The general approach for conducting standard inspections until now has been to inspect each major part of each system every 3 years. In 2006, PHMSA initiated a research/pilot project to integrate the various kinds of inspections it conducted, to re-examine the 3-year inspection interval for standard inspections, and to focus the scope of its inspections based on operator risk. Changing inspection intervals from a periodic-basis to a risk-basis and changing from comprehensive to focused inspections reflect a significant change in approach. Program managers understood from the outset that the new approach would require a better risk model.
The Current Risk Model
For more than a decade, PHMSA has used the Pipeline Inspection Prioritization Program (PIPP) to schedule inspections and allocate resources.
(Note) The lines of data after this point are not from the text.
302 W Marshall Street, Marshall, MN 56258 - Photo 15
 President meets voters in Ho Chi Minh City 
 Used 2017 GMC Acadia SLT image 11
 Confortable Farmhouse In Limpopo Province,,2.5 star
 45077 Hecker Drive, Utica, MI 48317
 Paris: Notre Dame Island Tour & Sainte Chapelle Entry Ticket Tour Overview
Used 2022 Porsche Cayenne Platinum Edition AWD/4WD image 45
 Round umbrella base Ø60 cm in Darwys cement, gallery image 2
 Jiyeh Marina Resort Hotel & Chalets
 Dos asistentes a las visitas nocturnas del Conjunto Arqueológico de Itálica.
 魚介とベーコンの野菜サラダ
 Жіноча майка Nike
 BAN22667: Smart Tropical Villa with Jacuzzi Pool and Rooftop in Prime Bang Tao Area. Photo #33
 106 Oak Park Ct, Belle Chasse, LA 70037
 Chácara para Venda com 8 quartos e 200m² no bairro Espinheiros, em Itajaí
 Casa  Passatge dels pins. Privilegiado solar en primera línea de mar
PIPP is a data-based model using 10 to 12 data variables (depending on type of pipeline) that are transformed into 9 indexes, which are added together for an overall risk score. The data variables for both hazardous liquid and gas transmission pipelines are listed in table 1.
Beginning with these input variables, each one is transformed into another variable (the individual PIPP scores) ranging from 0 to 9 points, depending on the input variable, and then combined into the final total PIPP score. The variables were selected using expert judgment, and the transformations that determine the weight for each variable also used expert judgment. PIPP results are used with other information to help set scheduling priorities for inspections.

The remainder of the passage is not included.